Nabataeans were traders, and they possessed something that many wanted on their trade routs – they had water, so they constantly received visitors in these lands, and we had seen the sitting rooms carved into the mountains for people to sit around and discuss matters. They were also very tolerant with other people’s beliefs and religions, so they allowed everyone to worship their Gods while they were in the area, providing them places to do that.
Funerary monuments were represented by carved royal tombs and tombs built with cut stone. The Nabataeans paid great attention to their tombs, this was reflected in their architecture, in which a lot of architectural and artistic methods of respecting the dead were developed, which suggests the Nabataeans’ interest in the afterlife.

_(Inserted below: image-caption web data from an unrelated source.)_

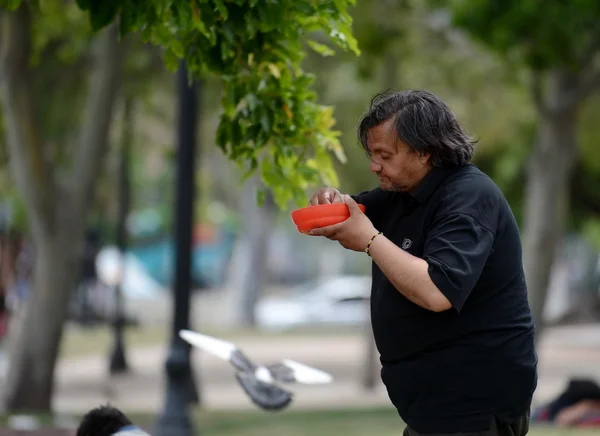 Homeless people with food from missionaries on the street of Santiago. — Stock Photo, Image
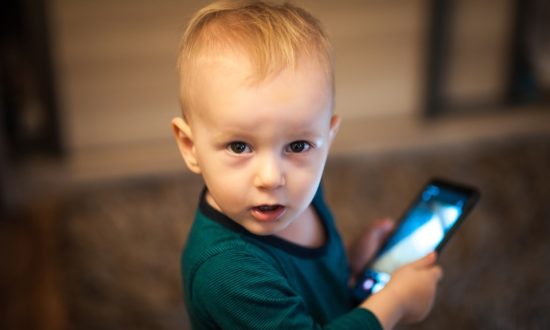 Đồ chơi công nghệ phát ra âm thanh gây tác hại cho trẻ như thế nào? Bố mẹ cần biết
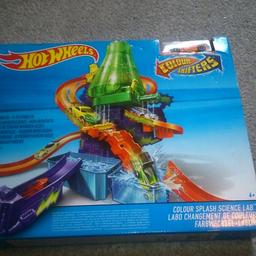 Brand new colour shifters colour splash science lab brand new never been opened bought for Christmas son not interest in it. Collection cv4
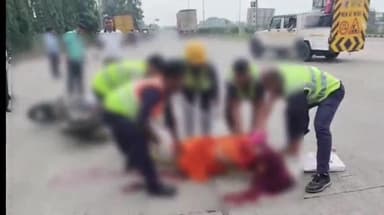 নবগ্রাম: ১২ নম্বর জাতীয় সড়কের নবগ্রাম শিবপুর টোল চত্বরে মর্মান্তিক সড়ক দুর্ঘটনায় প্রাণ গেল স্বামী–স্ত্রীর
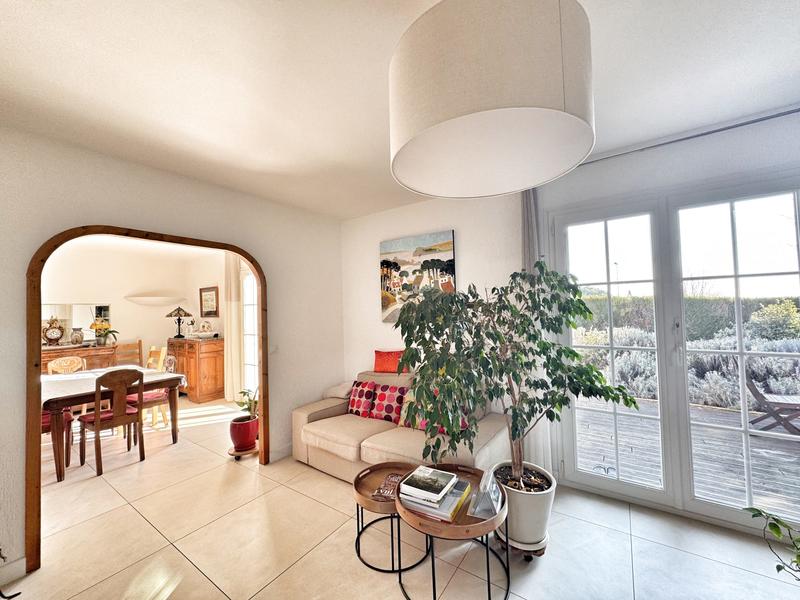 Maison - 200 m² - 5 pièces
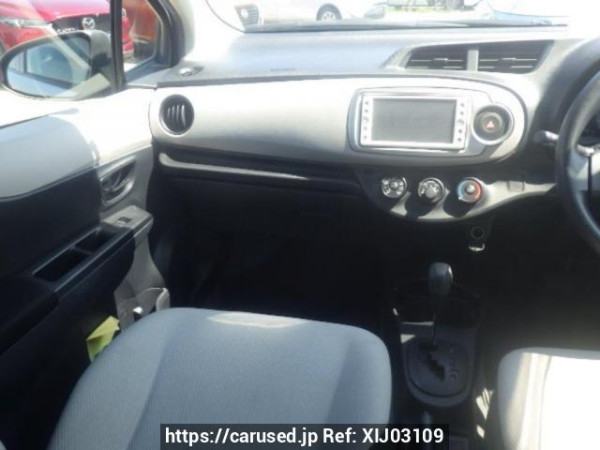 Used 2011 AT toyota vitz NSP130 Image[16]
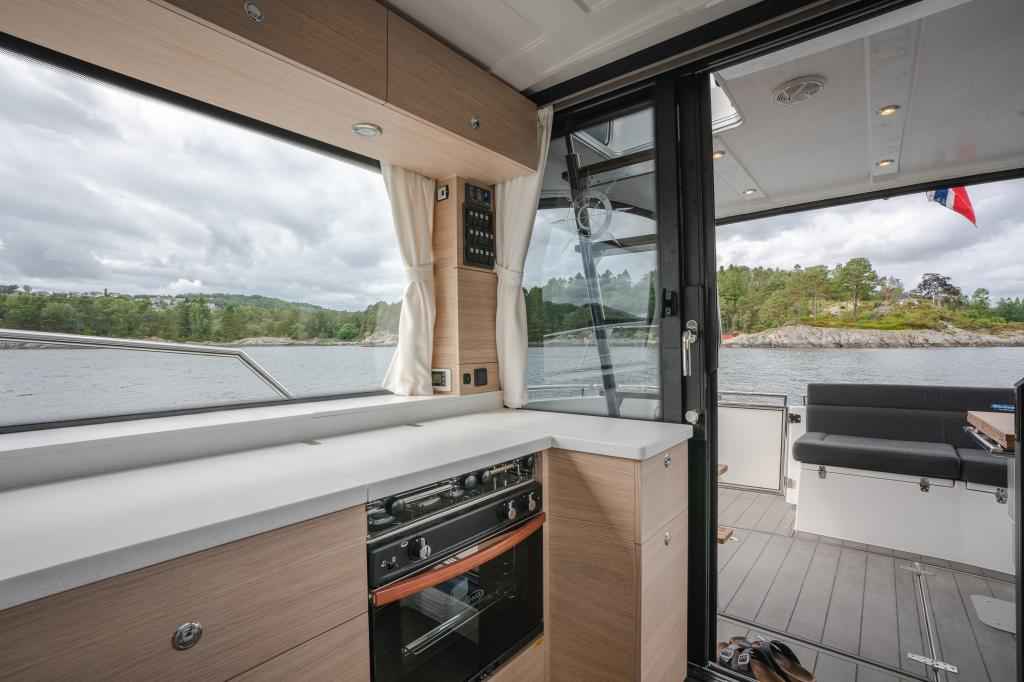Motorboot Viknes S35 Fly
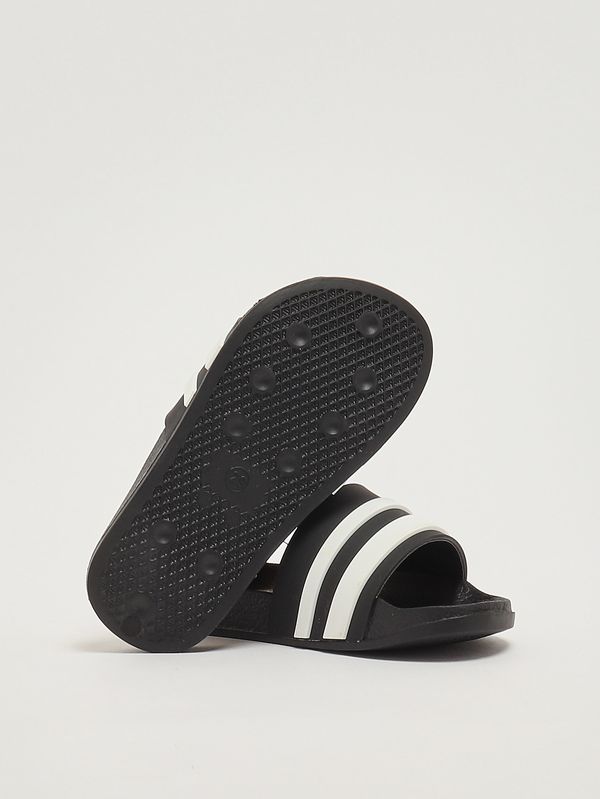 4. Kids' rubber sandals Black-White GCDS gck113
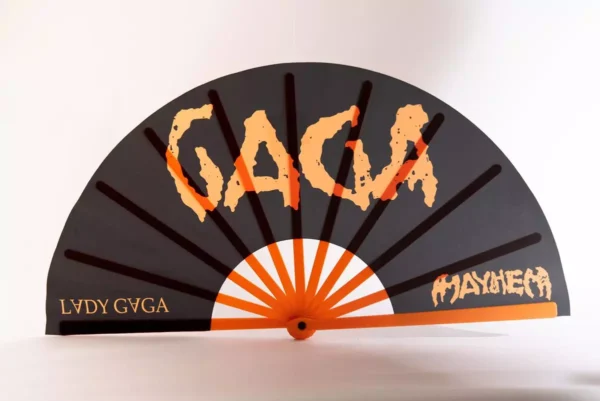 Lady Gaga - Black - Imagem 6
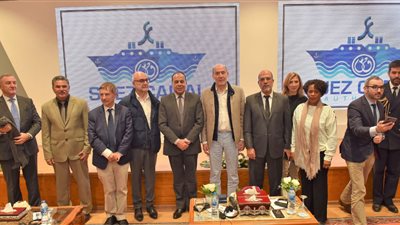 رئيس لجنة الدفاع القومي بالبرلمان الفرنسي ووفد صناعى يزورون قناة السويس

As you can see a lot of tombs feature stairs in their decorations. It was believed that these stairs will take you to heaven.
The next stop on our trip was the educational one, where we got to dig our own artifacts, document them, and file them.
Everything was well-explained in both Arabic and English, the tour guides do an incredible job here in Al Ula, ready to answer any questions you have.
The next stop was the visit to Jabal Ikmah or the library, where you can see various rock carvings and inscriptions on the mountains – in different languages and styles. If you are interested to take a course on how to read the inscriptions – it is also available.
Lunch In The Wadi
Of course, we were getting rather hungry after all these explorations, so we headed off to a secret location provided by the local people to take a much-needed food break.
With our bellies full of delicious Saudi food, we were entertained by a local musicians who sang us some songs about the mishaps of the newlyweds and then went to see more rock inscriptions and enjoyed the views.
Afterward we headed to the hotel for a quick break, and to dress up to go to civilization or the old town Al Ula. Instead of taking a break, I tried to go capture the sunset, but I guess I didn’t choose a high-enough spot or was just out of luck. Good fun anyway.
Old Town Al Ula At Night
Upon reaching the old town, we did some retail therapy, I enjoyed some street photography, and we finished our night with a big dinner in a restaurant that I can’t find on google maps so the name of it will remain unknown.
Such was day 1.5 with Tamashee at Al Ula.
3 thoughts on “Al Ula Trip – Day 1.”
Love the details in your post. I also enjoyed my trips to Al Ula. The Hegra site is stunning – like a mini Petra. I agree, the guides are really good and extremely knowledgeable. Glad you had a blast!